PROVIDED INFORMATION: Begin
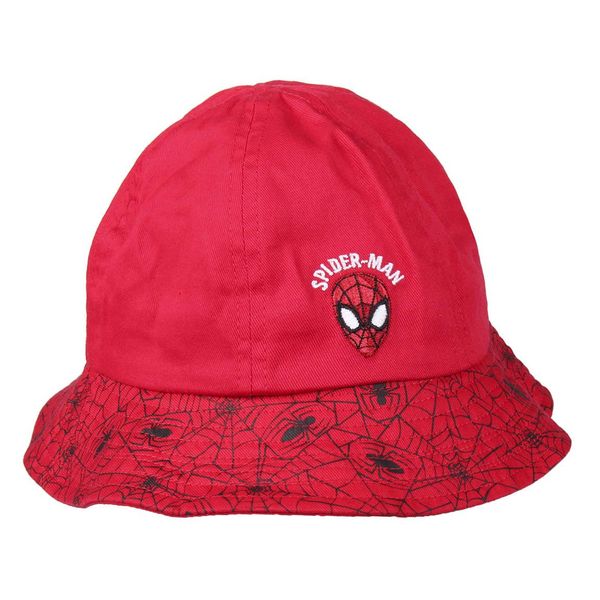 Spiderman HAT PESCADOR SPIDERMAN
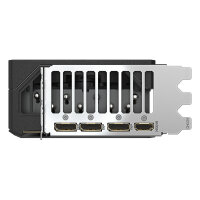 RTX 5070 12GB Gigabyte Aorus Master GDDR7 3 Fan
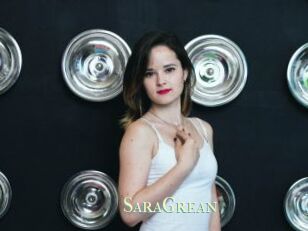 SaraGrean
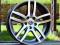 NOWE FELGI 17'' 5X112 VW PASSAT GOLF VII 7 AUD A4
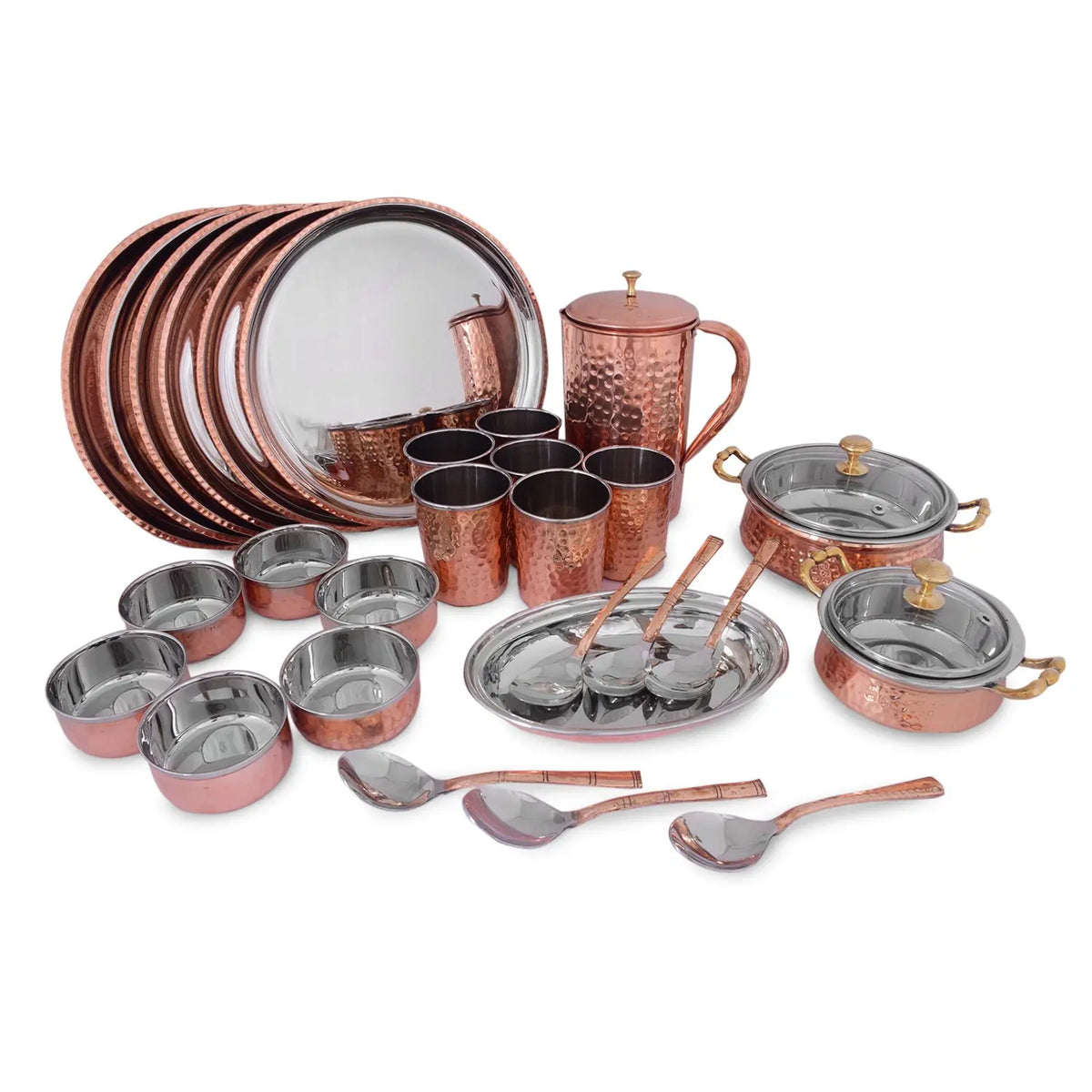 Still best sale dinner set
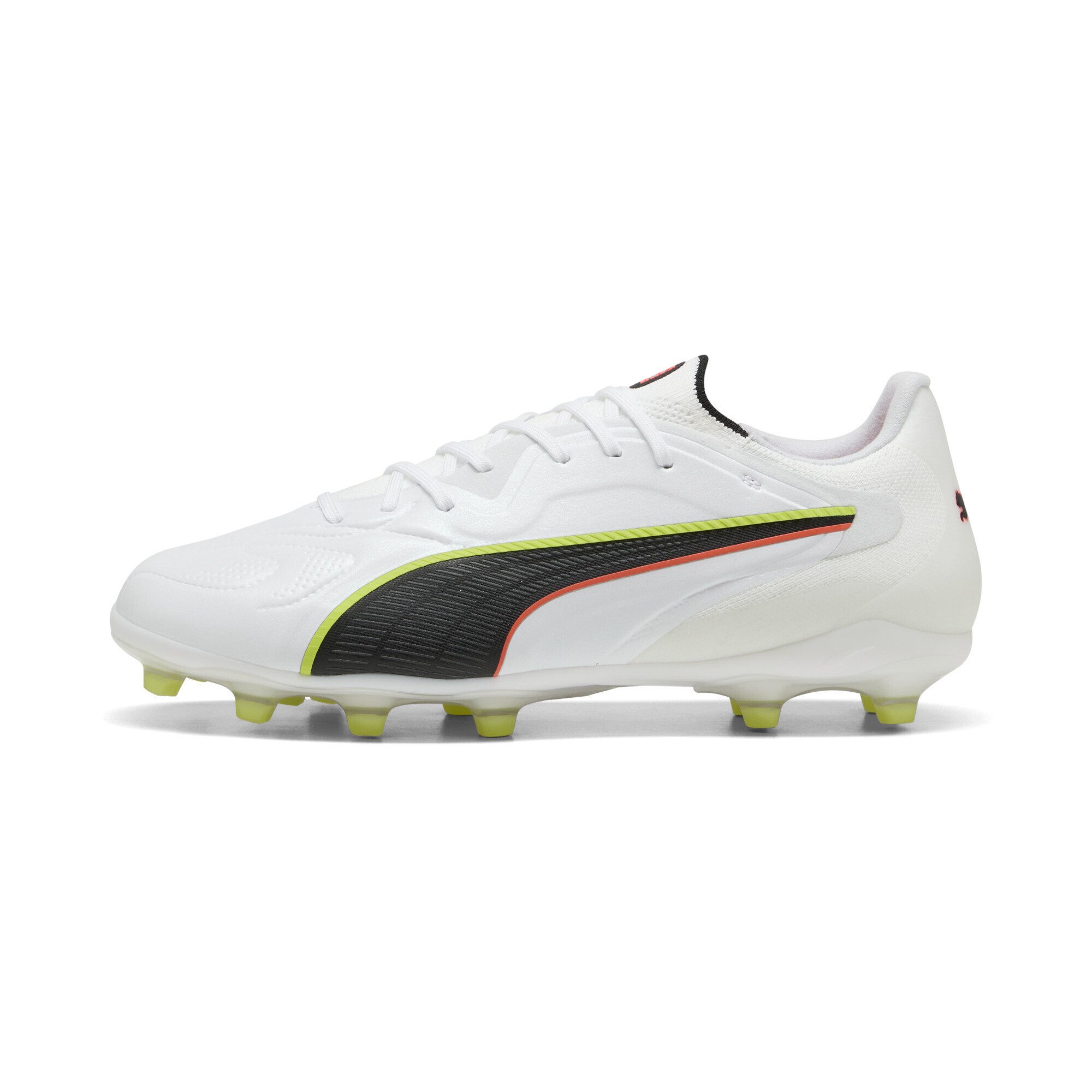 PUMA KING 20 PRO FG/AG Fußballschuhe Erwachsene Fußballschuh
PROVIDED INFORMATION: End
◆ YOUR OBJECTIVE:
No pictures belong in the copy. Repeat the listing above exactly.

◆ RESPONSE BELOW:
 Spiderman HAT PESCADOR SPIDERMAN
 RTX 5070 12GB Gigabyte Aorus Master GDDR7 3 Fan
 SaraGrean
 NOWE FELGI 17'' 5X112 VW PASSAT GOLF VII 7 AUD A4
 Still best sale dinner set
 PUMA KING 20 PRO FG/AG Fußballschuhe Erwachsene Fußballschuh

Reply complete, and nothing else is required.